Just wanted to provide some additional info...I'm not ruling out an issue with OpenSSH-Win32, but there's a high probability that there's a problem with boot2docker specifically. If you turn an existing VM into a dockermachine (as opposed to running the boot2docker ramdisk) then this is not an issue:
# Launch Windows PowerShell 5.1 via 'Run as Administrator' and...
Get-Command ssh
CommandType Name Version Source
----------- ---- ------- ------
Application ssh.exe 7.7.1.0 C:\Program Files\OpenSSH-Win64\ssh.exe
$DockerMachineDir = "C:\Program Files\Docker\Docker\Resources\bin"
if ($($env:Path -split ";") -notcontains $DockerMachineDir) {$env:Path = $DockerMachineDir + ';' + $env:Path}
docker-machine version
docker-machine.exe version 0.14.0, build 89b8332
# Install the MiniLab PowerShell Module (full disclosure, I wrote it)
Install-Module MiniLab
Import-Module MiniLab
# Deploy CentOS 7 VM from https://app.vagrantup.com/centos/boxes/7
$VMName = "CentOS7Test"
$DeployHyperVVagrantBoxSplatParams = @{
VagrantBox = "centos/7"
VagrantProvider = "hyperv"
VMName = $VMName
VMDestinationDirectory = "H:\VirtualMachines"
Memory = 2048
CPUs = 1
}
$DeployCentOS7Result = Deploy-HyperVVagrantBoxManually @DeployHyperVVagrantBoxSplatParams
$CentOSIP = $DeployCentOS7Result.VMIPAddress
# (NOTE: The above 'Deploy-HyperVVagrantBoxManually' function downloads 'vagrant_unsecure_key' and
# 'vagrant_unsecure_key.pub' from https://github.com/hashicorp/vagrant/tree/master/keys and places it under "$HOME\.ssh")
ssh -o "StrictHostKeyChecking=no" -o "IdentitiesOnly=yes" -i "$HOME\.ssh\vagrant_unsecure_key" -t vagrant@$CentOSIP "sudo yum install net-tools -y"
docker-machine create --driver generic --generic-ip-address=$CentOSIP --generic-ssh-user vagrant --generic-ssh-key "$("$HOME\.ssh\vagrant_unsecure_key" -replace "\\","/")" $VMName
docker-machine.exe env $VMName
docker-machine.exe env $VMName | Invoke-Expression
@pldmgg - Thanks for also looking at it!

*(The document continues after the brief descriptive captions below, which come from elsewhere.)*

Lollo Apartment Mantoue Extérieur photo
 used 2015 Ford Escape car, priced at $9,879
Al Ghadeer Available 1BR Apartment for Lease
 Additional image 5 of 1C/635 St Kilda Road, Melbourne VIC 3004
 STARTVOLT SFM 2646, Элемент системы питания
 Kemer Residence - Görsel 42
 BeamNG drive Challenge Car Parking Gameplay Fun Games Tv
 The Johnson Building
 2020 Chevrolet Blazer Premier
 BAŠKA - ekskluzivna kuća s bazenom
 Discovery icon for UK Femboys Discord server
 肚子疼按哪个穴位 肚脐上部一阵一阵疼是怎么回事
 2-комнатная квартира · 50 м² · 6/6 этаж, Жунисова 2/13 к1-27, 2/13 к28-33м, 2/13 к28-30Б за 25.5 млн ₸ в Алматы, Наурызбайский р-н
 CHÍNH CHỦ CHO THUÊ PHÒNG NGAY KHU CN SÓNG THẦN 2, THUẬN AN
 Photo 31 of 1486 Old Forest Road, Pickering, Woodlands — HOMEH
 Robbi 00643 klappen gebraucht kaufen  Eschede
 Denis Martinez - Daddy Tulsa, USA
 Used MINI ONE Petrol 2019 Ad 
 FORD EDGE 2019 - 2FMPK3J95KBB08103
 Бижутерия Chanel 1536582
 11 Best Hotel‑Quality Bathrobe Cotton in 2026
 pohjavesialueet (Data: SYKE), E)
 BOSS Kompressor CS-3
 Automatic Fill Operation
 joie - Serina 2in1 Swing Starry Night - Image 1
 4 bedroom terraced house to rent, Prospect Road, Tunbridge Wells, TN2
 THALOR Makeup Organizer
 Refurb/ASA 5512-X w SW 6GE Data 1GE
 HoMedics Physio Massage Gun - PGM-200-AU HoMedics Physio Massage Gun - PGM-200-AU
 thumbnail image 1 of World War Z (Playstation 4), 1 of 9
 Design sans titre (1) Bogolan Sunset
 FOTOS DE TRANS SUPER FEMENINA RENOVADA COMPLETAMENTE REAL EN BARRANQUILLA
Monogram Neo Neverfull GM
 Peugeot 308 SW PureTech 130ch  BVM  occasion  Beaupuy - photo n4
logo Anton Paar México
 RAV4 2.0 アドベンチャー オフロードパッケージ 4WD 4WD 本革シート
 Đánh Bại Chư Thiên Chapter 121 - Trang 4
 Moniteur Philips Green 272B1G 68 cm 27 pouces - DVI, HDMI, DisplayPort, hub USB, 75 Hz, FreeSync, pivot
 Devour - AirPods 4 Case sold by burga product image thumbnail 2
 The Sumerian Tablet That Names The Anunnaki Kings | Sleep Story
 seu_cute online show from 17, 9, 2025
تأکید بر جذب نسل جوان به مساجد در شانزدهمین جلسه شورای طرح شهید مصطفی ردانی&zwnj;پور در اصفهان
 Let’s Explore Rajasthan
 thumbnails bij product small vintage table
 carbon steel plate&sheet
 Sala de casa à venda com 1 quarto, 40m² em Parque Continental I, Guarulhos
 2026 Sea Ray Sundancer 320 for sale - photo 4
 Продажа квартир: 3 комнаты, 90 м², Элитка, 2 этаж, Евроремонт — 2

I'll remind you though that the boot2docker IS THE BASIS of the Docker for windows/toolbox product and has been for years. Yes, you can take established containers and hack around and run (some) of them (I'm not convinced all) other than boot2docker, but it's somewhat irrelevant - bear with me. Just because you got one established non-boot2docker container you build elsewhere to accept a few ssh commands.....if you watch my reproduction of the issue you will see that 80% of my SSH commands with the faulty OpenSSH also worked. It's the 20% that didn't that made the product unusable. You can also make this product work 100% of the time (which is why this has been ignored for so long) if you simply don't run the OpenSSH for Windows implementation - which to me proves boot2docker is just fine. Not that there cannot be a small/weird parsing issue in boot2docker of the ssh strings or something, but my tests already prove there is a difference in something being sent specifically by OpenSSH vs other implementations - so I'm sure you agree the problem absolutely cannot ONLY be in boot2docker or you'd see it choke on other SSH clients and we don't.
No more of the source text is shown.